Naquele ano, a Venezuela se declararia um Estado independente. O sonho da Grande Colômbia estava desaparecendo.

"O 'Libertador', cada vez mais doente, renuncia à presidência e embarca em viagem para a costa. A notícia do assassinato de (Antonio José de) Sucre, que recebe em Cartagena, o afeta profundamente", contou o historiador.

"Ele pensa em ir para a Europa, mas a morte o surpreende em San Pedro Alejandrino, uma fazenda localizada perto de Santa Marta, em 17 de dezembro de 1830."

Um pedido encarecido

Após a morte de seu irmão, María Antonia levou uma vida caseira em uma fazenda nos arredores de Caracas e se dedicou a administrar os bens da família.

Quintero conta que falar sobre a repatriação dos restos mortais de Simón Bolívar para Caracas havia se tornado um tabu na Venezuela, mesmo depois de vários anos após sua morte.

Mas, em 1838, María Antonia decidiu "quebrar o gelo".

"Ela escreveu uma carta ao presidente Carlos Soublette e afirmou que Bolívar havia deixado especificado em seu testamento que seus restos mortais fossem depositados em Caracas", disse a historiadora em outro podcast da Biblioteca Digital Banesco.

Ela acreditava que "já havia passado tempo suficiente para que tivessem acabado as paixões políticas" contra o "Libertador" e pediu "encarecidamente que permitissem a ela transferir as cinzas de seu irmão para Caracas".

Mas o pedido foi rejeitado e só em 1842 Páez determinou o repatriamento.

"María Antonia não estava presente. No dia 7 de outubro, dois meses antes da generosa homenagem ao Libertador, sua irmã faleceu."

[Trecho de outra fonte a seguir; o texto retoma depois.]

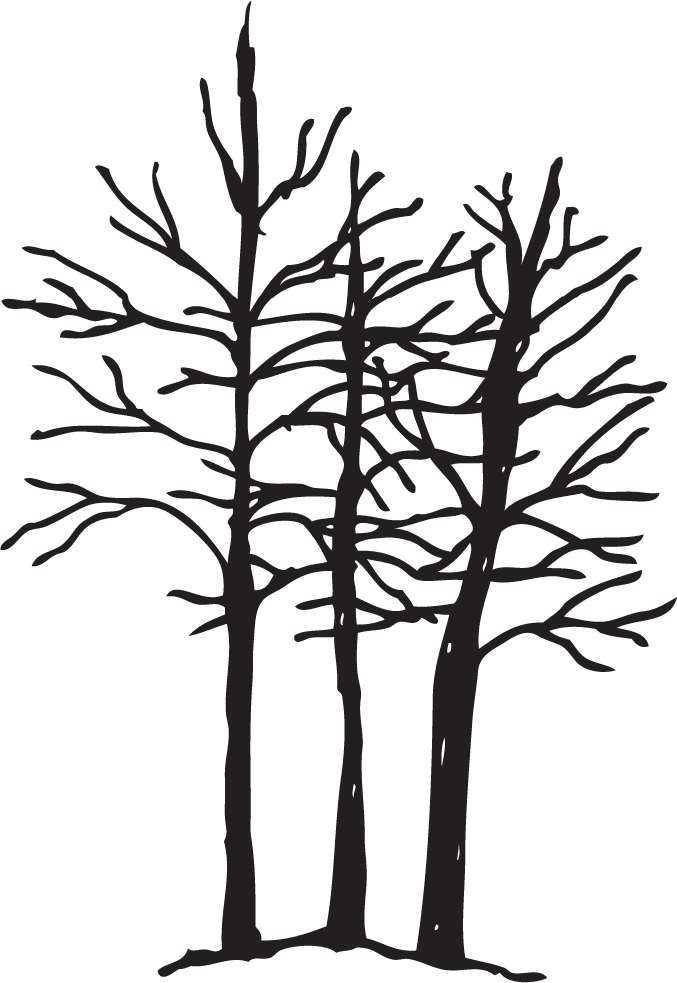 handdrawn icons ribbon mount tree arrow sketch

Apesar de suas profundas diferenças políticas, anos antes, em 1825, ela havia escrito para ele:

"(...) diga sempre o que disseste em Cumaná no ano 14 que seria 'Libertador', ou morto. Esse é o teu verdadeiro título, aquele que te elevou acima dos grandes homens, e aquele que te conservará as glórias que adquiriu com o custo de seus sacrifícios (...)"

"Não posso deixar de declarar a você os sentimentos do meu coração pelo interesse que tenho em sua felicidade."